Bonus issues, also known as scrip issues or capitalization issues, are corporate actions where a company distributes additional shares to existing shareholders without raising additional capital. These actions serve various purposes, such as rewarding shareholders, enhancing liquidity, and signaling the company’s financial strength. The mechanics of bonus issues involve a careful decision-making process by the company’s board of directors, the determination of a bonus issue ratio, and the allocation of new shares to eligible shareholders. The regulatory framework in India, as outlined in the Companies Act, 2013, and SEBI Guidelines, ensures transparency and fairness in bonus issues. For shareholders, bonus issues can impact their portfolio diversification, tax implications, and dividend income. Despite these considerations, bonus issues offer benefits like a strengthened capital structure, increased liquidity, and a positive market signal. They also have tax advantages, foster employee retention, and broaden a company’s ownership base. In the ever-evolving landscape of investments and stock markets, understanding bonus issues is essential for informed decision-making and a deeper grasp of financial strategies.

What are bonus issues?

A bonus issue, also known as a bonus share or scrip issue, is a corporate action undertaken by a publicly traded company to increase the number of outstanding shares without raising additional capital from the market. This is essentially a distribution of free shares to existing shareholders in proportion to their current holdings. The company does not receive any cash or assets in return for these bonus shares.

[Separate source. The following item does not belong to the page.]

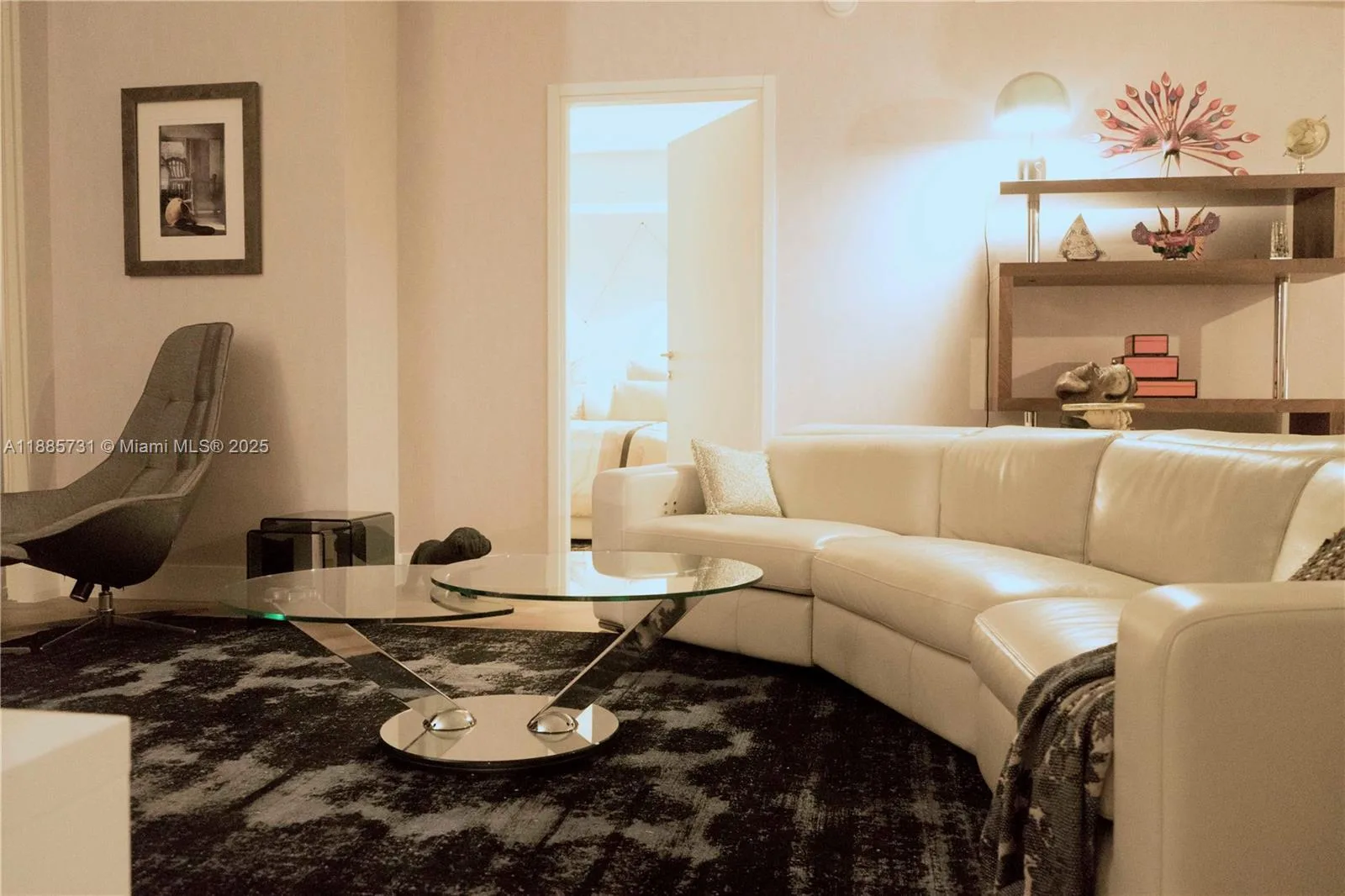1300 Brickell Bay Dr # 3205, Miami, FL 33131 photo 6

The primary purpose of a bonus issue is to reward existing shareholders and enhance the liquidity of the company’s stock by increasing the number of shares in circulation. It does not affect the overall market capitalization of the company, as the value of the company remains the same, but the number of shares increases. This can lead to a decrease in the stock’s market price per share, making it more accessible to a broader range of investors. 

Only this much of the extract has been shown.